If Catherine made up a list of people she was feeling sorry for today, it would be endless—and Catherine Holben would be right near the top.

She didn’t see Mrs. Donovan as she passed her door. Still barefoot, she began to climb the three flights of stairs, juggling her shoes and her groceries and her purse. There was a strong cool draft coming down the stairwell; perhaps there was something practical in Mrs. Donovan’s screen door, after all.

On the second landing she spilled the apples she’d bought out of her grocery bag, and she had to empty the bag and put them in the bottom to keep them from spilling again. She climbed the rest of the stairs, already anticipating a long, cool shower and something equally long and cool to drink.

But—like Jonathan—Joe D’Amaro was sitting on the top step.

Chapter Four
 

Joe D’Amaro said nothing, just stood up before she was halfway up the stairs. When she was near enough, he took the tilting bag of groceries out of her arms.
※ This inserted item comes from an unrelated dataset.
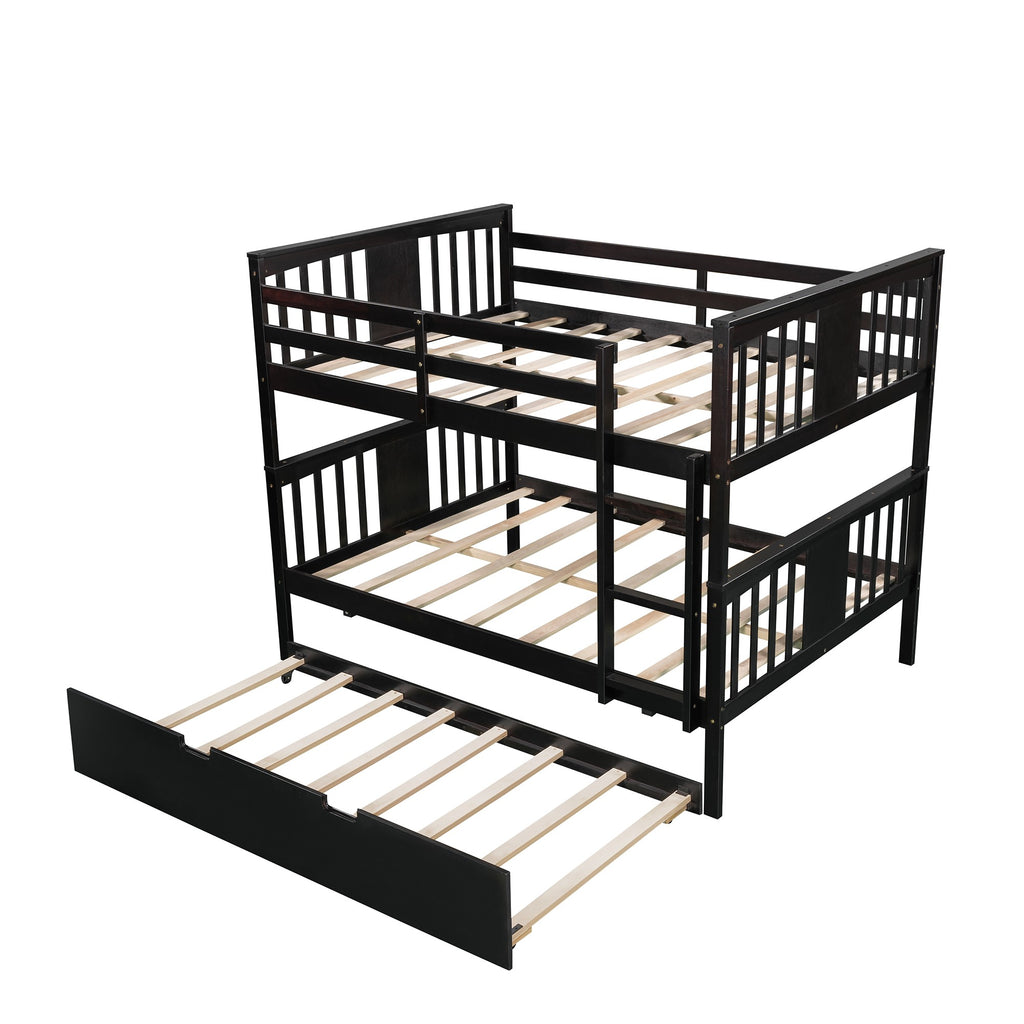 LuxxHomes  Brown Double Full Size Over Twin Trundle Bunk Bed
Catherine perceived no sense of politeness in the gesture, simply his assessment that her arms were full and that she would need to open the door before they could address
his
reason for being here.

“What kind of day have you had, Mr. D’Amaro?” she asked as she put the key into the lock.

“It’s been a bitch,” he said without hesitation.
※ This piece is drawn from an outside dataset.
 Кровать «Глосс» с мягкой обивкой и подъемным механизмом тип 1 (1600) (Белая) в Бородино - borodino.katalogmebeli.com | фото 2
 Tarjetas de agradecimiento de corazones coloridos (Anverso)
“So has mine,” she said before she pushed open the door. “I think this will go a lot better if you remember that.”

He looked at her thoughtfully, and once again she had the impression that he was about to smile.

But he didn’t.

“I’m here to talk about Fritz.”

“Exactly. So let’s both keep the aggravations of the day out of it.”

“Hey, fine with me,” he said as he followed her inside. “Where do you want the bag?”

“I’ll take it.”

She took the grocery bag from him and carried it into the kitchen, and she was a bit perturbed that he followed her. It wasn’t that she was afraid of him, or that she was worried that the kitchen might be in a mess—actually she rarely had clutter now that she lived alone. It was more that he presumed, seeming to expect her good will with little attendance to the social amenities on his part. It was as if he didn’t want her help, but he realized that perhaps he needed it, and that possibility had brought him here—but to hell with the p’s and q’s.